Key Role of Diabatic Processes in Regulating Warm Water Volume Variability over ENSO Events

The equatorial Pacific warm water volume (WWV), defined as the volume of water warmer than 20 degrees C near the equator, is a keyy predictor for El Nino-Southern Oscillation (ENSO), and yet much about the individual processes that influence it remains unknown. In this study, we conduct idealized ENSO simulations forced with symmetric El Nino- and La Nina-associated atmospheric anomalies as well as a historical 1979-2016 hindcast simulation. We use the water mass transformation framework to examine the individual contributions of diabatic and adiabatic processes to changes in WWV. We find that in both sets of simulations, El Nino's discharge and La Nina's recharge periods are initiated by diabatic fluxes of volume across the 20 degrees C isotherm associated with changes in surface forcing and vertical mixing. Changes in adiabatic horizontal volume transport above 20 degrees C between the equator and subtropical latitudes dominate at a later stage. While surface forcing and vertical mixing deplete WWV during El Nino, surface forcing during La Nina drives a large increase partially compensated for by a decrease driven by vertical mixing.

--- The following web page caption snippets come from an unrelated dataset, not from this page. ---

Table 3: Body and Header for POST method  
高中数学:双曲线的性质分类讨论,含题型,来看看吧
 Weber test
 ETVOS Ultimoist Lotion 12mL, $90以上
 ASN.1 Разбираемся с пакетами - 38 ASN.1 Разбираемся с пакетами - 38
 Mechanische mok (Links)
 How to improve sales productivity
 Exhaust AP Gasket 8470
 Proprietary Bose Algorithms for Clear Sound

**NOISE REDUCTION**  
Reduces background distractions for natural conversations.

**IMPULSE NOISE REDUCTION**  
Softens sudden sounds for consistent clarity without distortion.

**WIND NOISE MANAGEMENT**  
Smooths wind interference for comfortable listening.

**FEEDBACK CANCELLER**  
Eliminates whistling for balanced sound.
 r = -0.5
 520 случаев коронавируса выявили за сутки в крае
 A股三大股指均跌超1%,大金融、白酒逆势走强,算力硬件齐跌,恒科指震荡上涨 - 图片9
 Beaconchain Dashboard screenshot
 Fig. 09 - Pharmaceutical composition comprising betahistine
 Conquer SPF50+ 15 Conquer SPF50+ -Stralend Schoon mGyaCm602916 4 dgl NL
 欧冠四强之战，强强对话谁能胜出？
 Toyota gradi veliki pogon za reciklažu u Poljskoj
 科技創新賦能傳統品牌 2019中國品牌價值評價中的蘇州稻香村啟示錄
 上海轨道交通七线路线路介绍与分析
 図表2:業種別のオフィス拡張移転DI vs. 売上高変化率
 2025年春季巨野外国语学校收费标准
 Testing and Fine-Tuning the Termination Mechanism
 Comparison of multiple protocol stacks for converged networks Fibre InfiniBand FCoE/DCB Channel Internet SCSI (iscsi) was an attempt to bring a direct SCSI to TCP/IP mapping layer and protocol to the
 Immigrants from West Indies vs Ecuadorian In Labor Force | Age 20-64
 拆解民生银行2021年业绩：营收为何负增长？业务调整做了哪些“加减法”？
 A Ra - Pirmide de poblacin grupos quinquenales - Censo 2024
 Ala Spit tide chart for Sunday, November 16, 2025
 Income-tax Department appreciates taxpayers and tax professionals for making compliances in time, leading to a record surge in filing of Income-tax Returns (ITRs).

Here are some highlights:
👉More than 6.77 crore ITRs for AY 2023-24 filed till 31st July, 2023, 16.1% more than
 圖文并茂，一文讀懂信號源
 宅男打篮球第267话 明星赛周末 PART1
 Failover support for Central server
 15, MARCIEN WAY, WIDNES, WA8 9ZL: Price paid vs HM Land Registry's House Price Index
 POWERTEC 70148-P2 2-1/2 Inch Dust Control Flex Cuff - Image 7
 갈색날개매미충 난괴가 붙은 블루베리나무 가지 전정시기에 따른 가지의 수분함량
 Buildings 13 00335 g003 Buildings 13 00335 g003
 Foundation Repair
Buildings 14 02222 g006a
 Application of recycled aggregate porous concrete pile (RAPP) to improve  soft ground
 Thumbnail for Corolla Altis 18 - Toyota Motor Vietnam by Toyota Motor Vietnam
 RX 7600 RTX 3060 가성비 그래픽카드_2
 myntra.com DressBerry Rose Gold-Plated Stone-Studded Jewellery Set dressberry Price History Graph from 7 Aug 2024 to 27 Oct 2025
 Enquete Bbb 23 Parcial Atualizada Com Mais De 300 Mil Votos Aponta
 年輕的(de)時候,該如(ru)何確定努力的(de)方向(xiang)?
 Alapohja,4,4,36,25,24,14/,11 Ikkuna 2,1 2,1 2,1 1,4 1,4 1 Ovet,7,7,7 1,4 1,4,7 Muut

On average, the ratio of diabatic to adiabatic contributions to changes in WWV during El Nino is about 40% to 60%; during La Nina this ratio changes to 75% to 25%. The increased importance of the diabatic processes during La Nina, especially the surface heat fluxes, is linked to the shoaling of the 20 degrees C isotherm in the eastern equatorial Pacific and is a major source of asymmetry between the two ENSO phases, even in the idealized simulations where the wind forcing and adiabatic fluxes are symmetric.